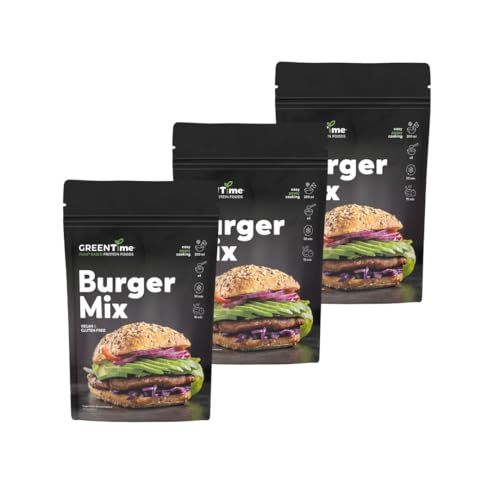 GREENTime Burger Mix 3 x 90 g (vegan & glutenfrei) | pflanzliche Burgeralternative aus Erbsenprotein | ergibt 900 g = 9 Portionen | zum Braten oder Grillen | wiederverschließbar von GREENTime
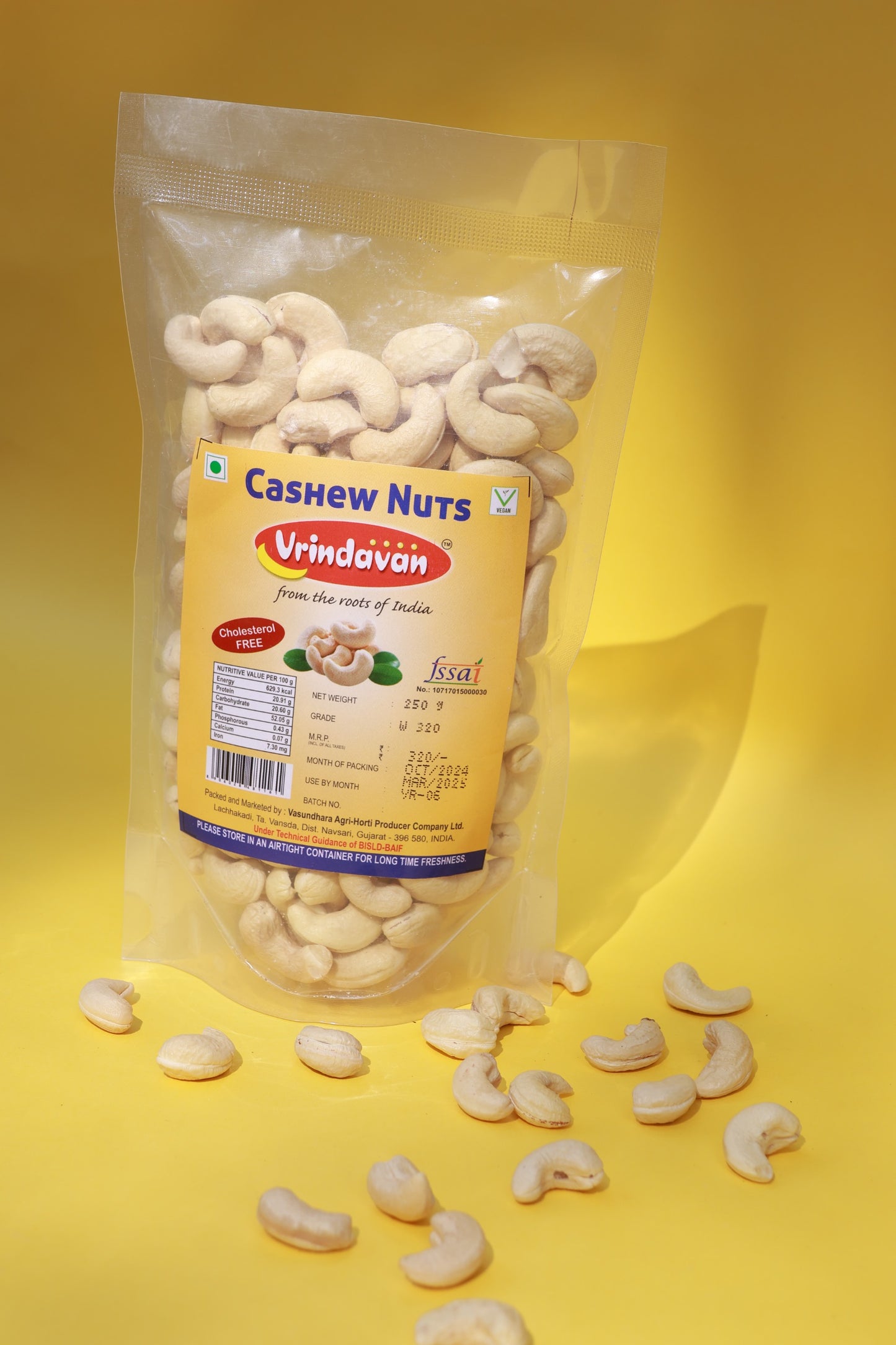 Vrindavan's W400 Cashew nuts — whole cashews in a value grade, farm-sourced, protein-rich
--------------------------------------------------
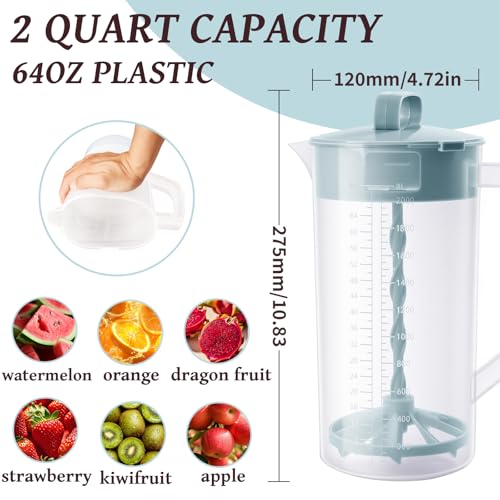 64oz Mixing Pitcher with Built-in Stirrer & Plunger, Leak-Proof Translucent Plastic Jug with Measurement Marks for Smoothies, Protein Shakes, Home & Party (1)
--------------------------------------------------
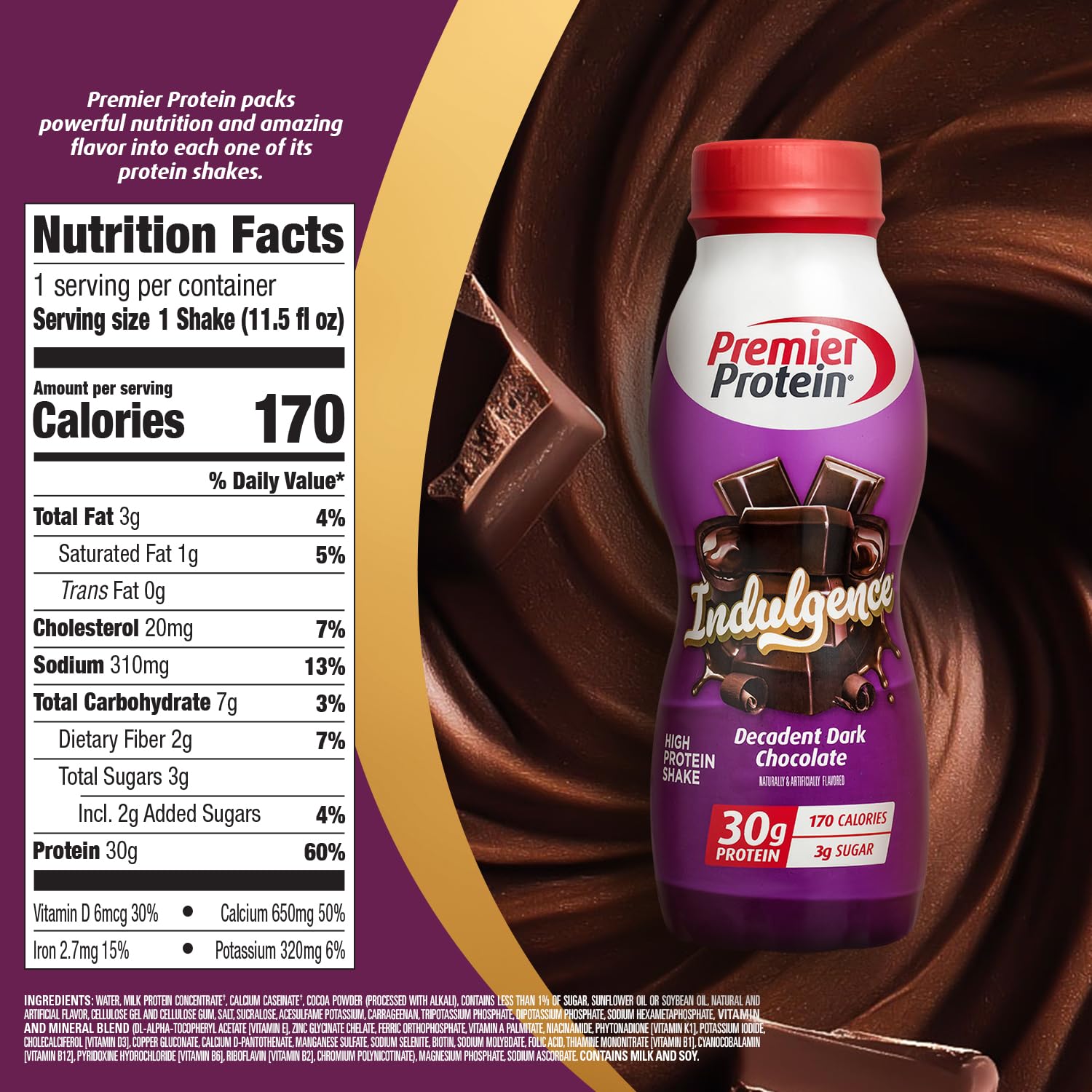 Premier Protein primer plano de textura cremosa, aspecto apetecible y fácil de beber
--------------------------------------------------
Make an exact copy of the lines above, beginning with the line with "GREENTime Burger Mix" and ending with the line with "Vrindavan's W400 Cashew", and keep the pictures out of it.

■ Exercise response
 GREENTime Burger Mix 3 x 90 g (vegan & glutenfrei) | pflanzliche Burgeralternative aus Erbsenprotein | ergibt 900 g = 9 Portionen | zum Braten oder Grillen | wiederverschließbar von GREENTime
 Vrindavan's W400 Cashew nuts — whole cashews in a value grade, farm-sourced, protein-rich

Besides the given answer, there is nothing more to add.